- [EXERCISE GOAL]
Give a verbatim quotation of every record.

[Start of section]

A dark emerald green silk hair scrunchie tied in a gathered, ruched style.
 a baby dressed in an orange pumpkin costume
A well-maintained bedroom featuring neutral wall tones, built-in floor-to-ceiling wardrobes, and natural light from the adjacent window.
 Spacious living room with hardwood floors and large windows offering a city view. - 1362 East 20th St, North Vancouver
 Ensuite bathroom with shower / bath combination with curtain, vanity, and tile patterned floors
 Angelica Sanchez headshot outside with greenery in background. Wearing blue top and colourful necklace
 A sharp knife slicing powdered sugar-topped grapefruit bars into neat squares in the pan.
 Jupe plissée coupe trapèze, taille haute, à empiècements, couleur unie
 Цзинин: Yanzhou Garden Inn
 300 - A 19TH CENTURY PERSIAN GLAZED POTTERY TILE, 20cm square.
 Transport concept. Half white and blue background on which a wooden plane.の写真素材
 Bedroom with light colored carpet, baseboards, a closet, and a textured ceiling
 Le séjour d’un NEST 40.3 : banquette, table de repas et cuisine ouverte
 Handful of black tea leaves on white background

[End of section]

- [EXERCISE SOLUTION]
A dark emerald green silk hair scrunchie tied in a gathered, ruched style.
 a baby dressed in an orange pumpkin costume
A well-maintained bedroom featuring neutral wall tones, built-in floor-to-ceiling wardrobes, and natural light from the adjacent window.
 Spacious living room with hardwood floors and large windows offering a city view. - 1362 East 20th St, North Vancouver
 Ensuite bathroom with shower / bath combination with curtain, vanity, and tile patterned floors
 Angelica Sanchez headshot outside with greenery in background. Wearing blue top and colourful necklace
 A sharp knife slicing powdered sugar-topped grapefruit bars into neat squares in the pan.
 Jupe plissée coupe trapèze, taille haute, à empiècements, couleur unie
 Цзинин: Yanzhou Garden Inn
 300 - A 19TH CENTURY PERSIAN GLAZED POTTERY TILE, 20cm square.
 Transport concept. Half white and blue background on which a wooden plane.の写真素材
 Bedroom with light colored carpet, baseboards, a closet, and a textured ceiling
 Le séjour d’un NEST 40.3 : banquette, table de repas et cuisine ouverte
 Handful of black tea leaves on white background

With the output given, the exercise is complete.